CGE: DN se plaint de la position privilégiée de l’opposition radicale

René Ndemezo’o Obiang, président de Démocratie nouvelle © GMT

S’achemine t-on vers une guerre de tranchées entre les différentes franges de l’opposition? C’est la question que se pose l’opinion après la montée au créneau de Démocratie nouvelle (DN) concernant la composition du Centre gabonais des élections (CGE). Il fustige notamment le dépôt d’une liste par l’opposition dite radicale qui exclut certaines formations politiques de ce bord.

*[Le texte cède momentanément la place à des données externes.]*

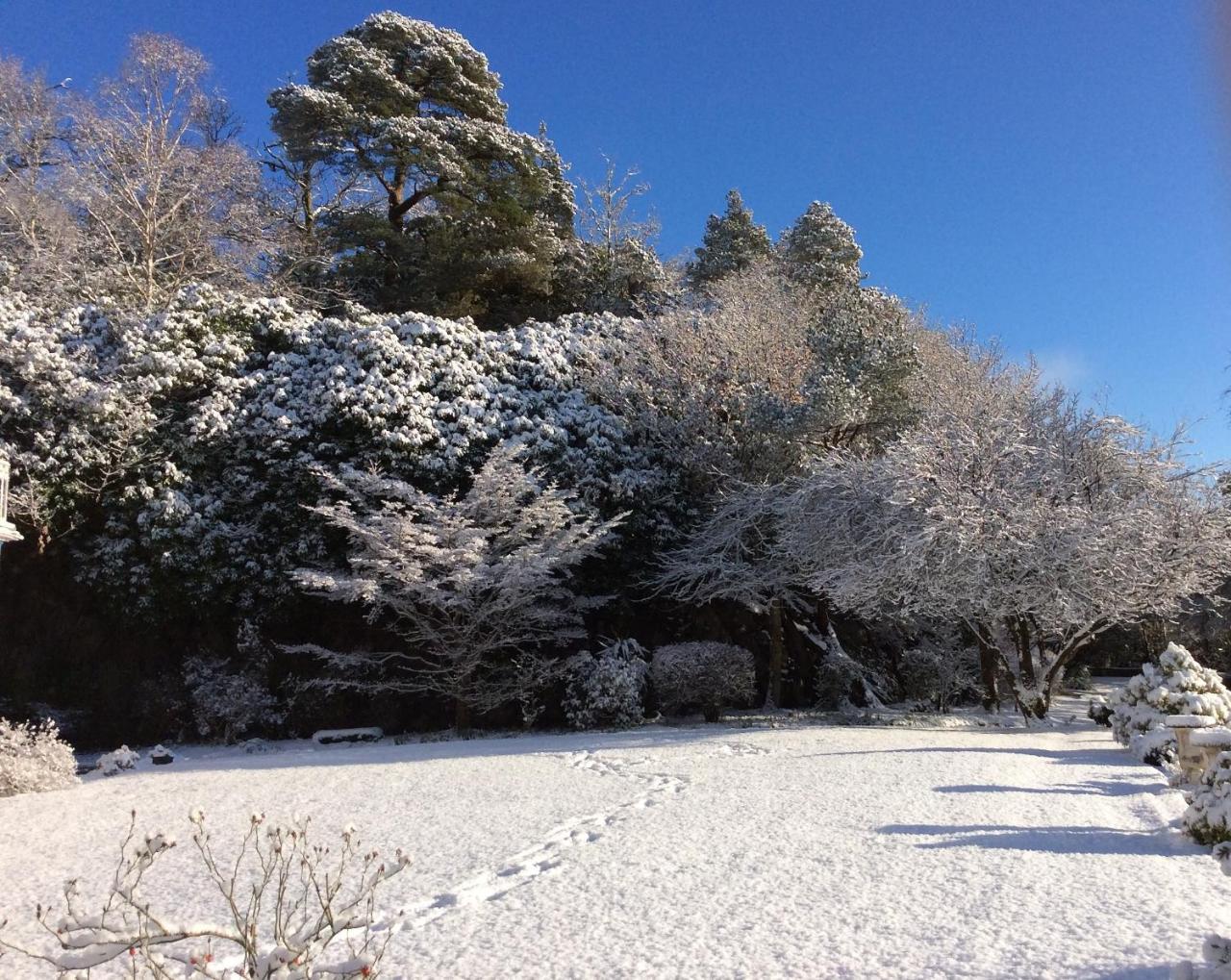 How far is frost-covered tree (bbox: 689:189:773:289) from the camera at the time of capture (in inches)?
1068

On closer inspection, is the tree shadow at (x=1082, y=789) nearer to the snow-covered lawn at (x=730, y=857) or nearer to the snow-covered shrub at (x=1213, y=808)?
the snow-covered lawn at (x=730, y=857)

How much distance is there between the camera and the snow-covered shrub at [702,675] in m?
12.0

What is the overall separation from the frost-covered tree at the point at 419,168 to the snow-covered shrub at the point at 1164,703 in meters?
15.4

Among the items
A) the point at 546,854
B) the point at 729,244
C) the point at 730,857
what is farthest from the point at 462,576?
the point at 729,244

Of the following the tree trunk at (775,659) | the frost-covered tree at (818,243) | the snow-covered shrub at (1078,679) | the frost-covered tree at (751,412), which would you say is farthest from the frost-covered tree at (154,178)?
the snow-covered shrub at (1078,679)

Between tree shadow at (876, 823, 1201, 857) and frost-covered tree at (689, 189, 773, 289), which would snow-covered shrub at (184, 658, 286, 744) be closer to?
tree shadow at (876, 823, 1201, 857)

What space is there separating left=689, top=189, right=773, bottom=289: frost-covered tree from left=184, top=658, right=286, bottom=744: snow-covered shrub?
18.7 metres

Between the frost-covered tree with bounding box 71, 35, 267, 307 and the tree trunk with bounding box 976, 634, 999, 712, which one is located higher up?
the frost-covered tree with bounding box 71, 35, 267, 307

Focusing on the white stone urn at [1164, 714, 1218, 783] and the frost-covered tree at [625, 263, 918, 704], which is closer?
the white stone urn at [1164, 714, 1218, 783]

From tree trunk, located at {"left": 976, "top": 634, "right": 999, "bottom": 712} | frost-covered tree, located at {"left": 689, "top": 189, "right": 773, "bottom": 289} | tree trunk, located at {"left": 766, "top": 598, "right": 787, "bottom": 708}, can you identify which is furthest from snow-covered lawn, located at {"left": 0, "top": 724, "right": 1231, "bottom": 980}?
frost-covered tree, located at {"left": 689, "top": 189, "right": 773, "bottom": 289}

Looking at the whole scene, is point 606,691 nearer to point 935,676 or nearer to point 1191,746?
point 935,676

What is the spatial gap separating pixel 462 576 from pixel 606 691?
2.50 m

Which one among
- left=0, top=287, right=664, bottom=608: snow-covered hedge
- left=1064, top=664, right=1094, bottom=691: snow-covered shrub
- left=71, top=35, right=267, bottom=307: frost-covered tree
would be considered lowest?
left=1064, top=664, right=1094, bottom=691: snow-covered shrub

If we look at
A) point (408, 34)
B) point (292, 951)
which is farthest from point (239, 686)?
point (408, 34) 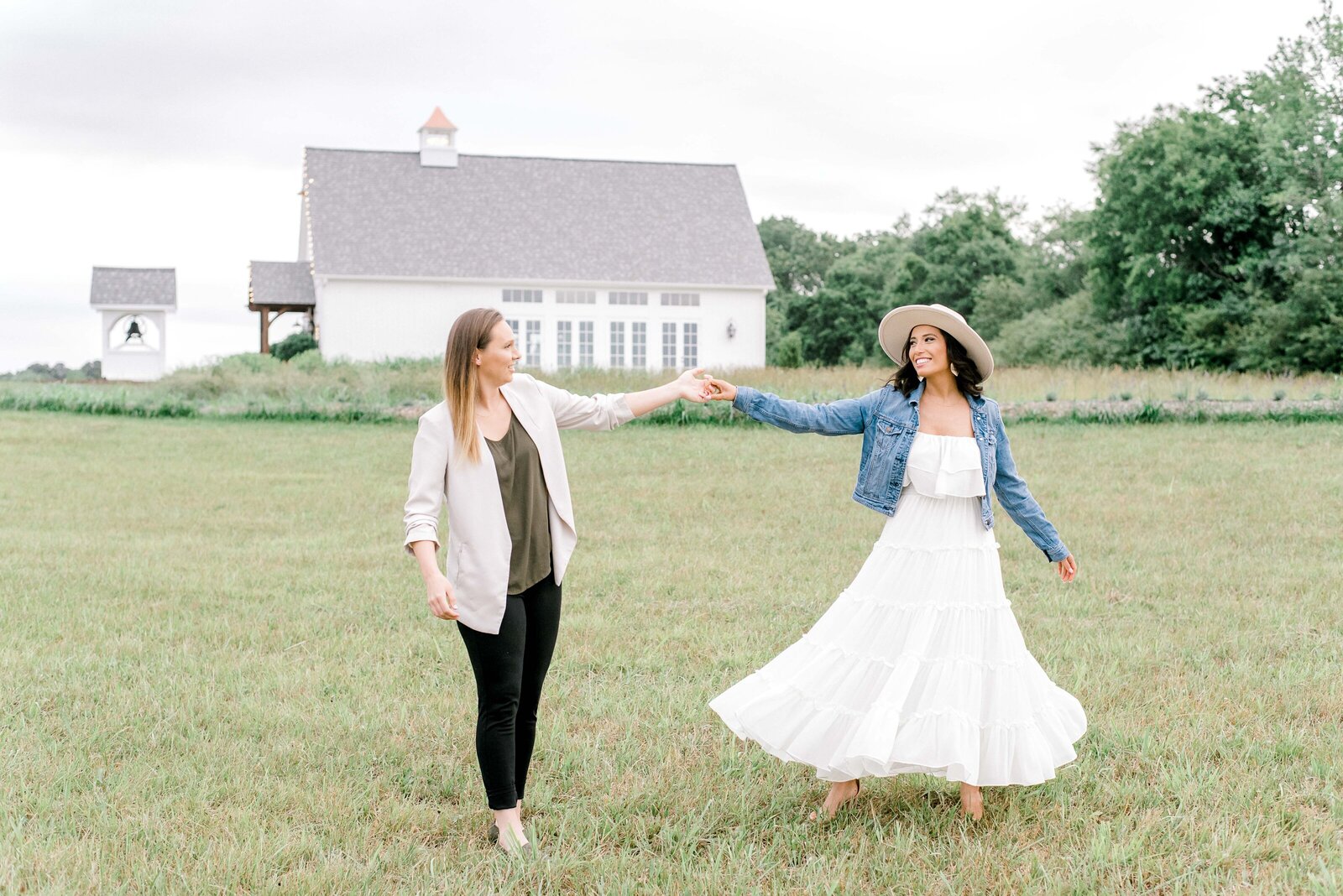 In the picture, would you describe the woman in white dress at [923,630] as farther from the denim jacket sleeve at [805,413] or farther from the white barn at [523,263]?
the white barn at [523,263]

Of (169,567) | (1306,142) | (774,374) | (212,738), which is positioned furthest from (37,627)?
(1306,142)

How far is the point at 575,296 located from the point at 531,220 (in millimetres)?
3316

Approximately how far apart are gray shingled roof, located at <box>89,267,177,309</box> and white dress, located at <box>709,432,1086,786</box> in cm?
4102

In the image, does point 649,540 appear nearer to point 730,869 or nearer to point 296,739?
point 296,739

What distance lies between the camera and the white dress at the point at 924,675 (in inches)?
170

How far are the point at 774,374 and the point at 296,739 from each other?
74.1ft

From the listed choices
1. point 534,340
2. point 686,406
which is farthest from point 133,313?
point 686,406

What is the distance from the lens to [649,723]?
229 inches

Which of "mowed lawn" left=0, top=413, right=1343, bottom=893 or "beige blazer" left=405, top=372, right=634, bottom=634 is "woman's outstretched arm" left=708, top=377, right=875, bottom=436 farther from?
"mowed lawn" left=0, top=413, right=1343, bottom=893

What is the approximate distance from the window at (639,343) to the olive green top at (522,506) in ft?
113

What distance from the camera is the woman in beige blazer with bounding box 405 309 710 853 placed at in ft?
13.7

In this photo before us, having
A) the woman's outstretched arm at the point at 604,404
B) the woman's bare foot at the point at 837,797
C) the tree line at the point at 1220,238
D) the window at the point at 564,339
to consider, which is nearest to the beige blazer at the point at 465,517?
the woman's outstretched arm at the point at 604,404

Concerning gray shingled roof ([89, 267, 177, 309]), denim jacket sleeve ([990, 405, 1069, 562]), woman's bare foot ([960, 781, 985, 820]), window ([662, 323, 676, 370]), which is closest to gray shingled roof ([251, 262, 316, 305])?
gray shingled roof ([89, 267, 177, 309])

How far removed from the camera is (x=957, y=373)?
4.74 metres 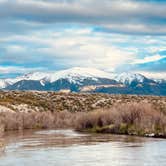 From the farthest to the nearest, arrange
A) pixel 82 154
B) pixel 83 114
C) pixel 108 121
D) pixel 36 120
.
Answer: pixel 36 120 → pixel 83 114 → pixel 108 121 → pixel 82 154

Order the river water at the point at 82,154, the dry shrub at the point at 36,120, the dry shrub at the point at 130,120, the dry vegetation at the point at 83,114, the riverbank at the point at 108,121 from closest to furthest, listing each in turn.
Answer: the river water at the point at 82,154, the dry shrub at the point at 130,120, the riverbank at the point at 108,121, the dry vegetation at the point at 83,114, the dry shrub at the point at 36,120

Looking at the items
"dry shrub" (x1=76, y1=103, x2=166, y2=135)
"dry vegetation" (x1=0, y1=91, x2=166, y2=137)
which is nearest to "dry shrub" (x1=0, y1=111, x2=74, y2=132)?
"dry vegetation" (x1=0, y1=91, x2=166, y2=137)

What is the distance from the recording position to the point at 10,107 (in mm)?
154500

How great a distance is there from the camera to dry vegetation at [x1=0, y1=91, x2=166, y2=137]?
9800 cm

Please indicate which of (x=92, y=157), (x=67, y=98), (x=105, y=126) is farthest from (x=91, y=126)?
(x=67, y=98)

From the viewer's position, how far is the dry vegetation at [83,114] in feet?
322

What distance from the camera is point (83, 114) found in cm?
12550

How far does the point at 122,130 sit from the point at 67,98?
85254 millimetres

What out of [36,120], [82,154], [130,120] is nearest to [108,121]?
[130,120]

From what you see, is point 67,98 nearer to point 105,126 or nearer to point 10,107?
point 10,107

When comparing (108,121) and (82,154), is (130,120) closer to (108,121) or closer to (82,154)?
(108,121)

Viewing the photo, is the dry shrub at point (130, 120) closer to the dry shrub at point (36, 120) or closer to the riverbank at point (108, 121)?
the riverbank at point (108, 121)

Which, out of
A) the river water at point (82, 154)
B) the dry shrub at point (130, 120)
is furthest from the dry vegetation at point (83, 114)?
the river water at point (82, 154)

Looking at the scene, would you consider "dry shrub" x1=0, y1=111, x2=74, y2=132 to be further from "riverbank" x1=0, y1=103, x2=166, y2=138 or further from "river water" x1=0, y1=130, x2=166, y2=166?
"river water" x1=0, y1=130, x2=166, y2=166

En effet, pour cette formation politique dirigée par René Ndemezo’o Obiang, il est hors de question que des partis n’ayant pas participer au dialogue politique d’Angondjé s’accapare de cette instance qui a remplacé la Commission électorale nationale autonome et permanente (Cenap).

Lors des travaux de son secrétariat permanent présidé par l’actuel président du Conseil économique social et environnemental (CESE), cette formation politique de l’opposition dite républicaine, a trouvé «anormal que les partis de l’opposition dite radicale veuillent s’approprier la composition du Centre gabonais des élections à en juger par le fait qu’ils soient allés donner des noms au ministère de l’Intérieur sans tenir compte des autres partis».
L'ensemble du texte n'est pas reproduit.